The histogram calculation unit 112 counts the number of occurrences for each of IDs of clusters that occur within a given time. The variety index calculation unit 113 calculates the index to the variety of sounds from the number of occurrences for each of IDs of clusters counted by the histogram calculation unit 112. Details of the index to the variety of sounds will be described below. The active or inactive state determination unit 114 determines from the value of the index to the variety of sounds calculated by the variety index calculation unit 113 whether an active state or an inactive state is present.

The active state output unit 116 of the output unit 115 outputs the "active state" or "inactive state" determined by the variety index calculation unit 113 of the active state determination unit 110 to the outside. For example, the active state output unit 116 notifies a terminal device 3 (a smart phone, a PC, or the like) at an address registered in advance, via the network 2, of the "active state" or "inactive state".

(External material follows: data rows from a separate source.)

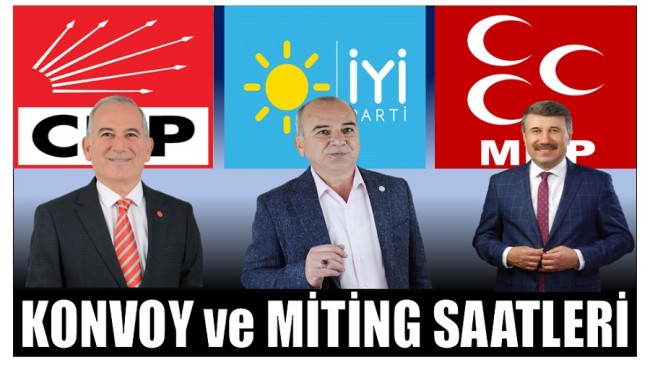 Anamur’da Partilerin Konvoy ve Miting Saatleri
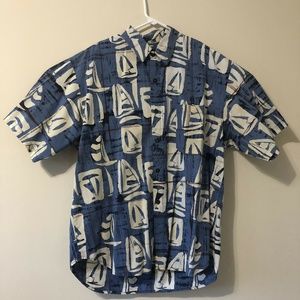 Straight Down Shirt Medium Blue Beige Sail Boats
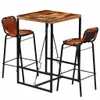 vidaXL Ensemble bar 3 pièces vieux bois massif et cuir de Voir les images du produit 8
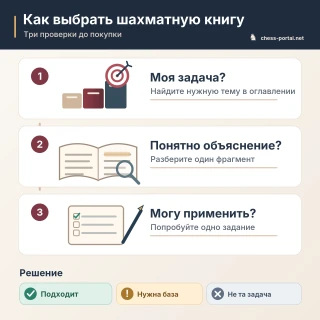 Как выбрать шахматную книгу: проверка соответствия учебной задаче, понятности объяснений и возможности выполнить упражнение
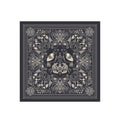 Charcoal Paisley Silk Bandana Scarf – 50 × 50 cm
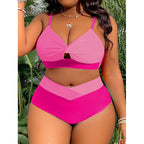 Damen Hochgeschnittener Bikini mit kreativem Farbblock-Design R&B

Note that, in conjunction with FIG. 3, a so-called stand-alone configuration has been described as the information processing apparatus 1; however, part of functions may be in a cloud configuration (a configuration that makes use of processing of a server on a network). The input unit 101 is strongly related to the microphone 15a that is physically installed, and therefore arbitrary portions of processing of the feature calculation unit 103 and the subsequent components may be left to the cloud part.

<Operations>

FIG. 5 is a flowchart illustrating an example of processing at the time of learning. In conjunction with FIG. 5, sound data that is output in real time from the everyday life sound input unit 102 of the input unit 101 or sound data accumulated in advance is input to the sound feature calculation unit 104 of the feature calculation unit 103. Then, the sound feature calculation unit 104 divides the sound data into segments of time windows, which are separated by a fixed length of time, extracts acoustic features, and stores their features in the sound feature DB 105 (S11).

Next, the clustering processing unit 107 of the learning unit 106 performs a clustering process based on a feature stored in the sound feature DB 105 to extract a cluster whose acoustic feature is similar to the acoustic feature represented by the feature (S12).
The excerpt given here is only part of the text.